About 62 percent consider Jewish identity primarily defined by ancestry and culture. Just 15 percent said it is mainly about religion, the survey found.
“Judaism isn’t just a religion. It’s a way of life,” Rosenbaum said. “Judaism is a people.”
Yet, while Rosenbaum is glad that many secular Jews still embrace traditions such as serving Passover Seder and lighting Hanukkah lights, he sees work ahead for Jewish professionals.
“It’s totally fine to enjoy those things,” Rosenbaum said. “But our job is to say that behind the culture is a really beautiful religious tradition.”
Rabbi Stephanie Alexander of Kahal Kadosh Beth Elohim, a Reform congregation downtown, said that unlike in a church or mosque, belief in God is not the singular underpinning of Judaism.
At her synagogue, involvement is as much about worship as assembling in a community and studying Judaism.
“It is an openness to God that is essential,” Alexander said. “It’s a willingness to wrestle with whether or not you believe in God.”
Yet, secular Jews are much less likely to remain connected to their Jewish heritage and the cornerstones of Jewish life such as attending synagogues.
This challenges a faith that takes pride in not proselytizing.
“We no longer live in a Jewish society where it’s just a given that every Jew will affiliate at some point and be included in the community,” Rosenbaum said. “We can’t assume people will automatically come to us.”
Future of Judaism
The future of American Judaism may hinge on one critical change: Most Jewish people today are marrying non-Jews.
Future of Judaism
Nearly 60 percent of Jews who have married since 2000 married someone who isn’t Jewish. Before 1970, just 17 percent did so.
Intermarrying is far more common among secular Jews than religious ones. Nearly 80 percent of married Jews who aren’t religious have a spouse who is not Jewish, compared with 36 percent of religious Jews.
And intermarried Jews, especially nonreligious ones, often are not raising their children Jewish.
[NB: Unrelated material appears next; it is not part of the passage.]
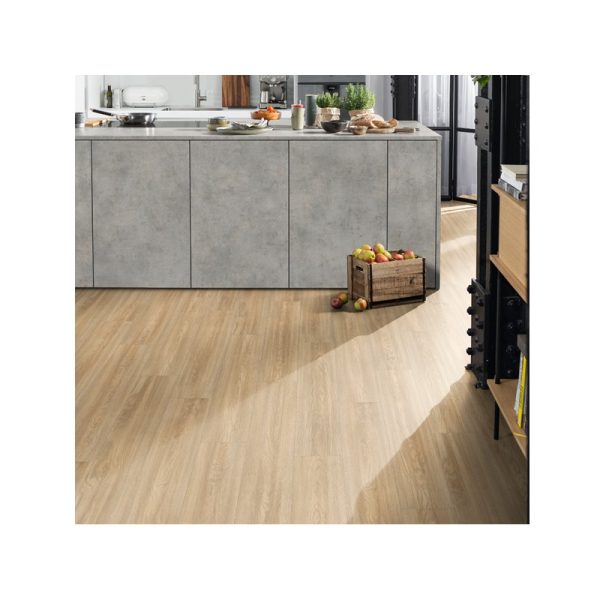 Egger ламинат AQ24  EL2064 Natural Soria Oak 32/8 mm - Image 2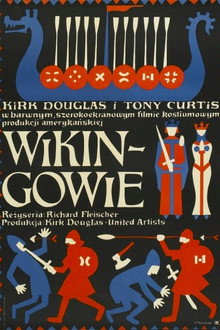 Wikingowie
“It affirms that we should do everything we can to welcome families making Jewish choices,” Alexander said.
The trend prompted Synagogue Emanu-El in West Ashley to adopt a new “household membership” option last year for couples with just one adult Jewish partner. This opens more of the Conservative synagogue’s ritual activities to both members of interfaith couples, Rosenbaum said.
Davis added that a key way to ensure children are raised Jewish is by sending them to private Jewish day schools, as Orthodox families do.
At Addlestone Hebrew Academy, Charleston’s Jewish day school, he sees children, young adults and parents actively engaged in Judaism.
“We are the People of the Book for a reason. We believe in books and education,” said Davis, a father of young children himself. “I see vibrancy.”
The changes in American Jewish identity may explain why Reform Judaism, the most inclusive of the three main movements, has become the largest in the country.
More than one in three Jewish Americans identify with the Reform movement compared to 18 percent Conservative and 10 percent Orthodox (although Orthodox have the highest birth rate, which could change these rankings), the Pew survey found.
Charleston is the birthplace of American Reform Judaism, which has long taken steps to embrace this changing Jewish identity.
The local Kahal Kadosh Beth Elohim is the fourth-oldest Jewish congregation in the continental United States.
KKBE has made welcoming interfaith families a priority. Its website features common questions these families face, such as: How should the children in interfaith families be raised?
“We need to be a resource to help them find ways to make Jewish choices and to make sure the next generation makes Jewish choices,” Alexander said.
Since 1978, Reform temples have reached out to converts and interfaith families. And while Judaism traditionally has recognized lineage only through Jewish mothers, the Reform movement recognizes patriarchal descent as well.
“I’m proud of the welcome it shows and firmly believe it ensures the future for Jewish generations,” Alexander says.